Well, maybe six words. Smokey Bear, who's turning a whopping 70 years old Aug. 9, began his career in 1944 with the slogan, "Only you can prevent forest fires." But other than that, the changing times have done little to change this symbol of fire safety.
"Smokey's message of personal empowerment of people in that they can play a role in saving forest is very consistent," said Peggy Conlon, the president and CEO of the Ad Council. "He has been around for generations, everyone knows and loves him."
Smokey Bear is the face of the longest-running public service campaign in the U.S. Smokey was created in 1944 by the U.S. Forest Service, the National Association of State Foresters and the Ad Council in response to public fears that enemy shelling during World War II would cause forest fires in the West while all the firefighters were overseas.
"Forest fires are nothing new in this country," said Thomas Tidwell, chief of the U.S. Forest Service in the Department of Agriculture. "Even back in the 1930s and 1940s, we actually had more (forest fires) in the landscape than we did today."

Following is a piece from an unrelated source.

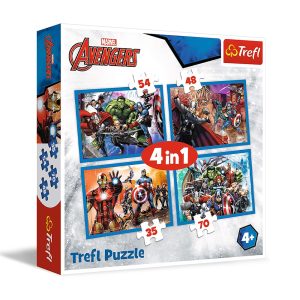 Trefl Puzzles - 4in1 - Brave Avengers / Disney Marvel The Avengers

With the current drought in California and the increase in lightning-induced wildfires, it's easy to forget that the majority of wildfires are started by humans, Tidwell said. Nine out of 10 forest fires are started by people — either by leaving a campfire lit, throwing away matches or even using machinery in arid areas.
"When you have a prolonged drought, it creates conditions that any ignition can start a fire," Tidwell said. "When conditions get that dry, you see sparks off equipment, and there's more of a likelihood to start a fire and it's harder to suppress that fire."
But even with drier conditions this year, and more people living near forests, the amount of wildfires has greatly decreased since Smokey was first created. The loss of forest to wildfires has been reduced from 22 million acres in 1944 to about 6.7 million acres annually today, Conlon said.
"That's a huge reduction," Conlon said. "We want to keep educating new generations."
Smokey's appeal was originally targeted toward children with his friendly teddy bear image and his appearance in comic strips, Conlon said. His popularity among kids grew so strong that he even got a flesh-and-blood mascot in the 1950s, when a bear cub was rescued from a wildfire in New Mexico and sent to live as Smokey at the National Zoo in D.C. By 1952, Smokey even had his own zip code to accommodate all his fan letters. Today, Smokey has his own website and social media presence.
The Ad Council indicates that 96% of Americans today recognize Smokey and his message, Tidwell said.
Smokey's voice has changed over the years, and has been recorded mostly by various radio hosts. Most recently, he was voiced by actor Sam Elliott, who has made a living playing gruff cowboys with his characteristic deep Western drawl in movies like The Big Lebowski and Tombstone.